There is still the matter of where Jason Kipnis will fit into the defensive equation. If Brantley's comeback lingers beyond Opening Day, then Francona will have a little more freedom to play Kipnis in left field or at second base. The Indians prefer Jose Ramirez at second, but he could slide back to third if Kipnis returned to the infield. Yandy Diaz also presents an option for the corner infield or corner outfield spots.
Francona still has plenty of time to sort through all those scenarios, some of which may yet be solved by more winter maneuvering by the Tribe's front office. For now, Cleveland has filled a major hole on the infield by agreeing to a contract with Alonso.
Fantasy spin | Fred Zinkie (@FredZinkieMLB)

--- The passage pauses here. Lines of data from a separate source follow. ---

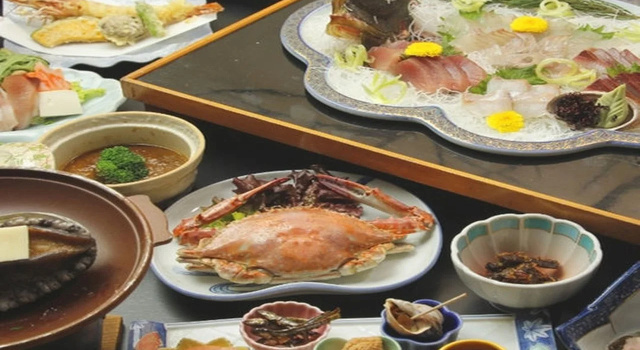 Ryokan Momijiya, Buchen Sie Hotel Mihama Fukui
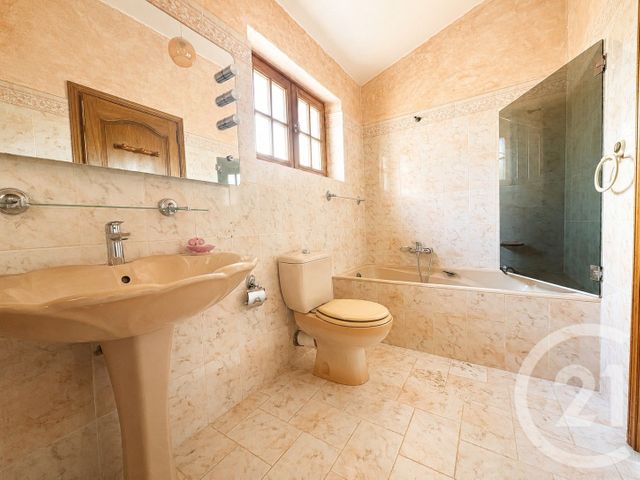 maison à vendre - 4 pièces - 97.5 m2 - GASSIN - 83 - PROVENCE-ALPES-COTE-D-AZUR - Century 21 Thomas Thum Immobilier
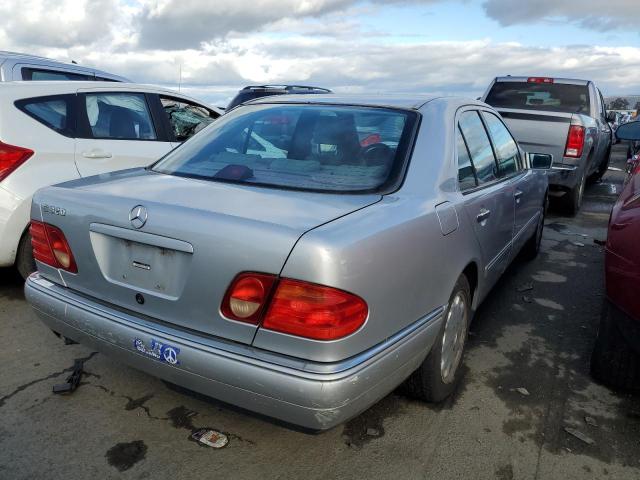 Photo 2 VIN: WDBJF65F3WA707534 - MERCEDES-BENZ E-CLASS 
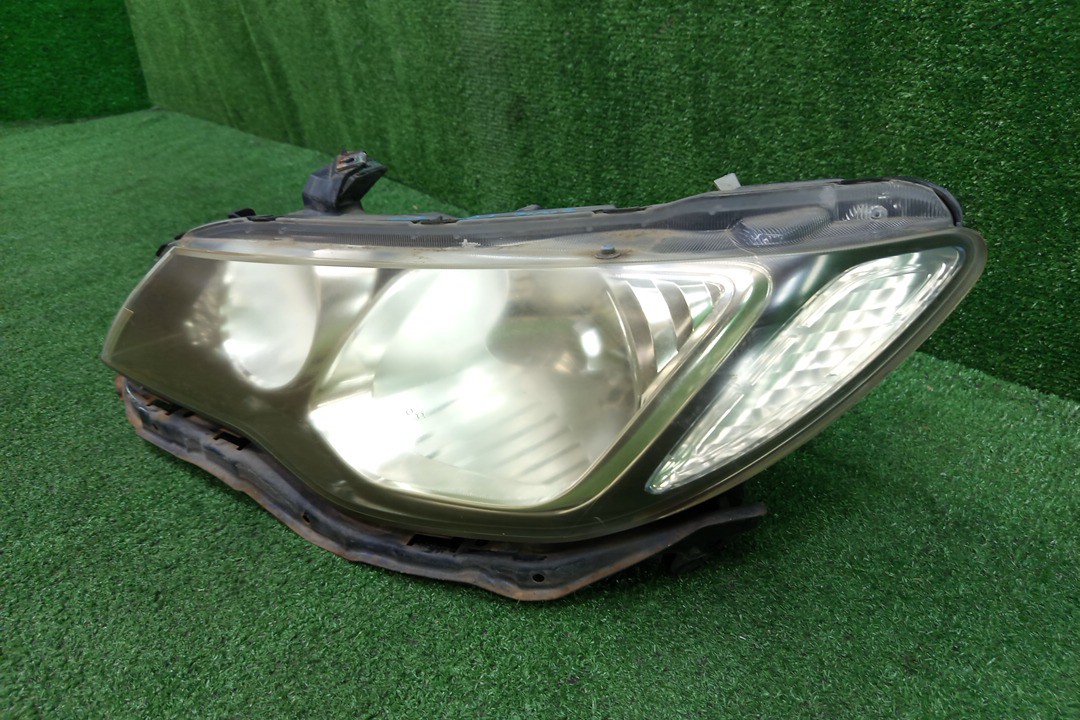 Фара левая передняя HONDA CIVIC FD2, FD1, FD3 2 ракурс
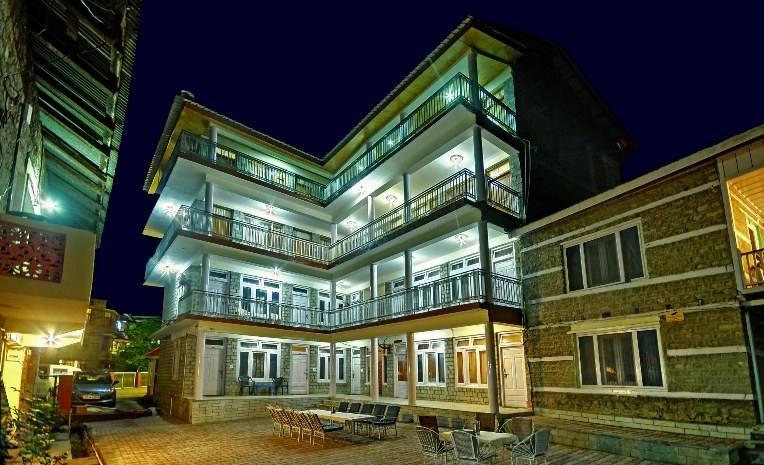 Hotel Thakur, Manali Hotels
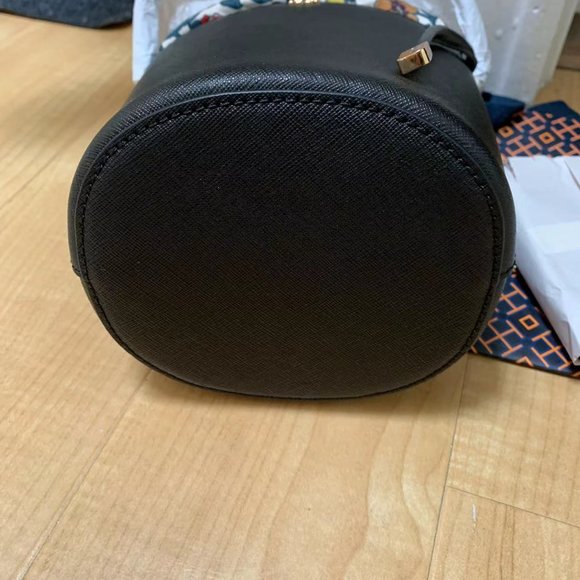 TORY BURCH EMERSON MINI BUCKET BAG - Picture 5 of 12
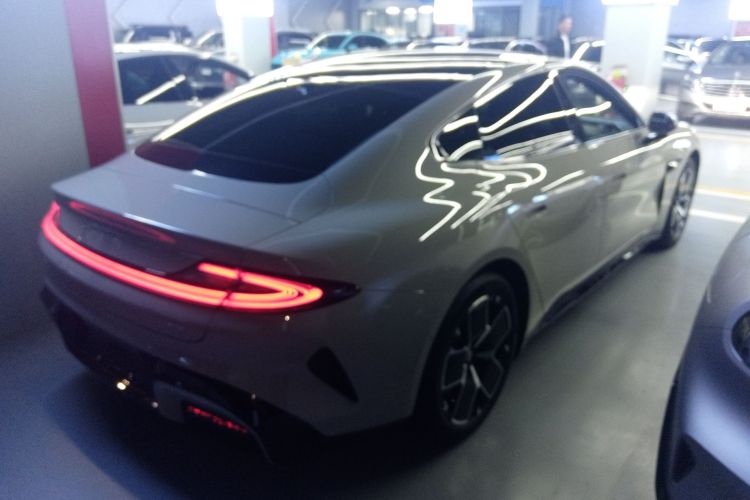 小米汽车 小米SU7 2024款 后驱长续航智驾版车身外观6005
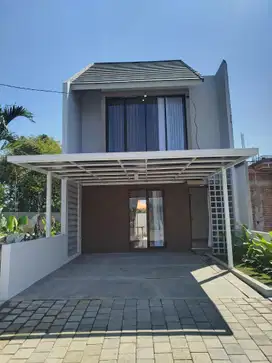 Di Jual Rumah 2 Lantai Modern Di Pusat Kota, 15 Menit Ke Surabaya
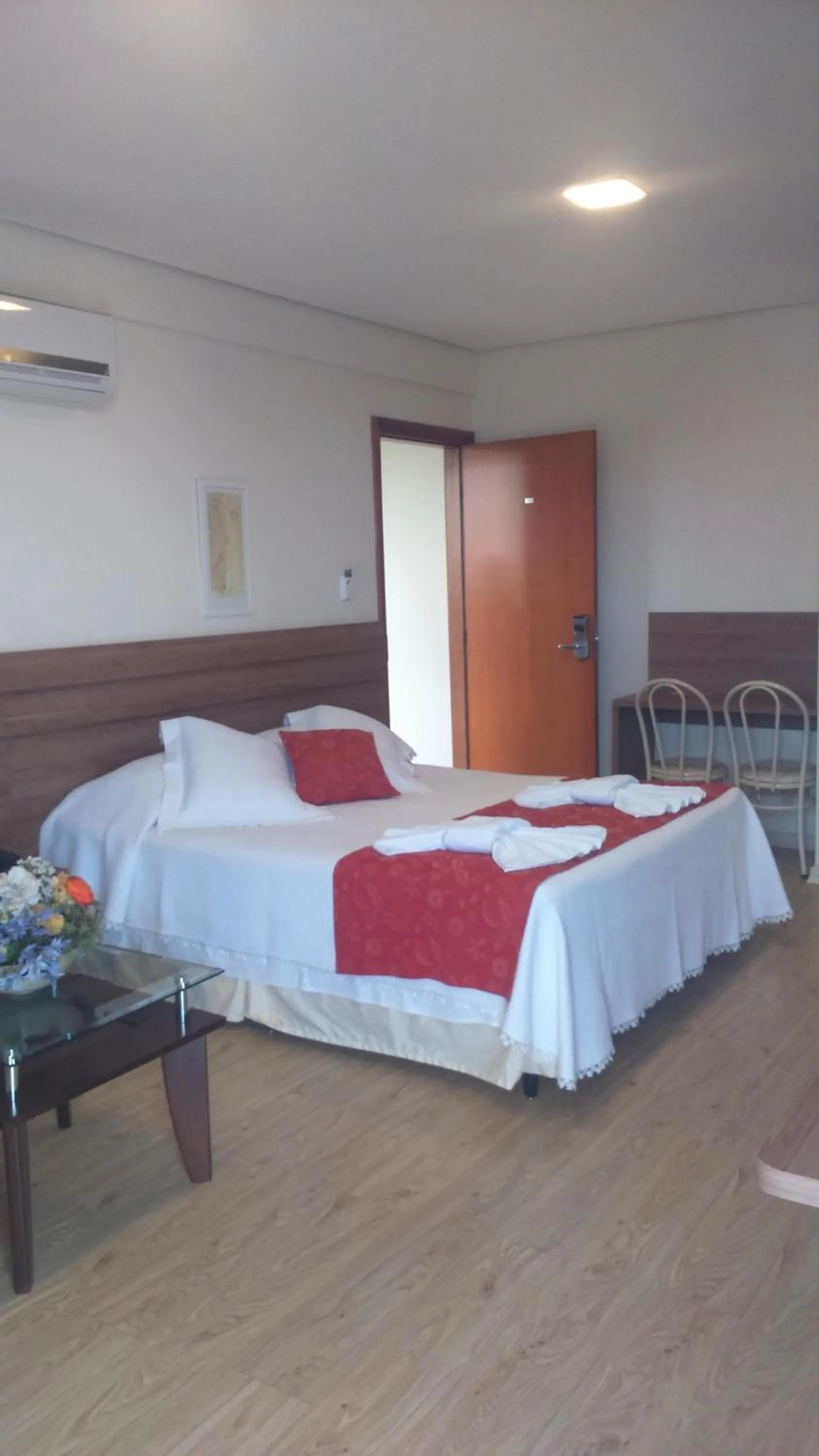 Bed in Hotel Metropolitan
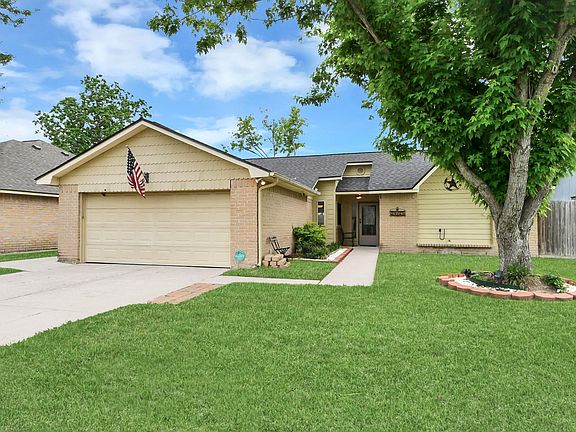 3rd image of 24118 Nomini Hall Ln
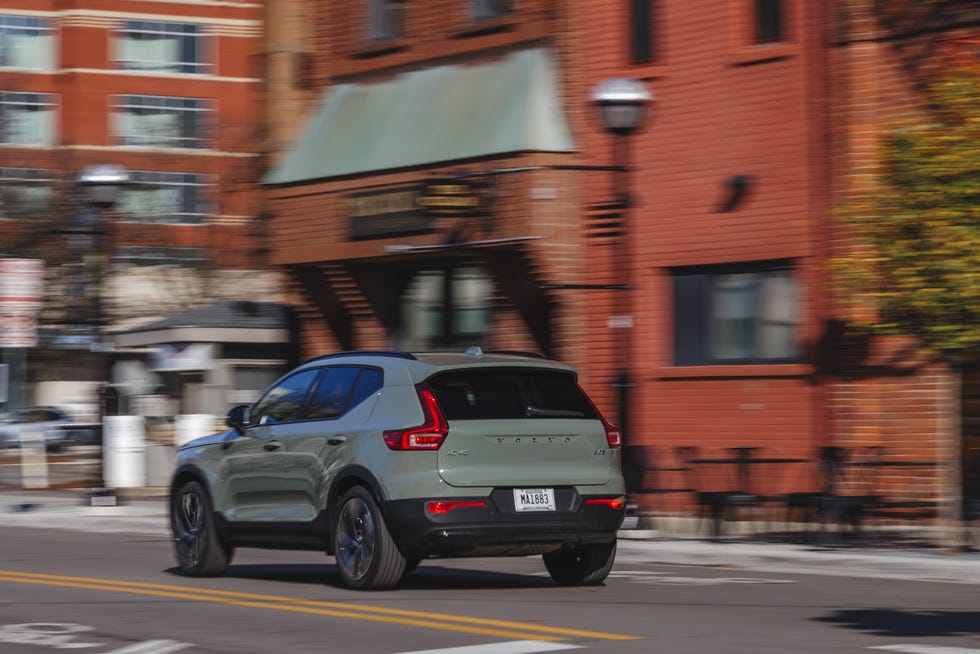 2024 volvo xc40 b5 awd ultimate rear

After producing just 39 home runs with a .721 OPS from 2010-16, Alonso found notable success with an altered approach last year. Posting career-high fly-ball (43.2 percent) and hard-hit (36 percent) rates, the first baseman finished with 28 home runs and an .866 OPS over 521 plate appearances. Although his exposure to lefties may be limited given his lifetime .652 OPS in those matchups, the slugger will warrant late-round attention in 15-team leagues on the hope that he can deliver at least 20 homers and 70 RBIs as part of an Indians lineup that ranked sixth in baseball with 818 runs scored in '17.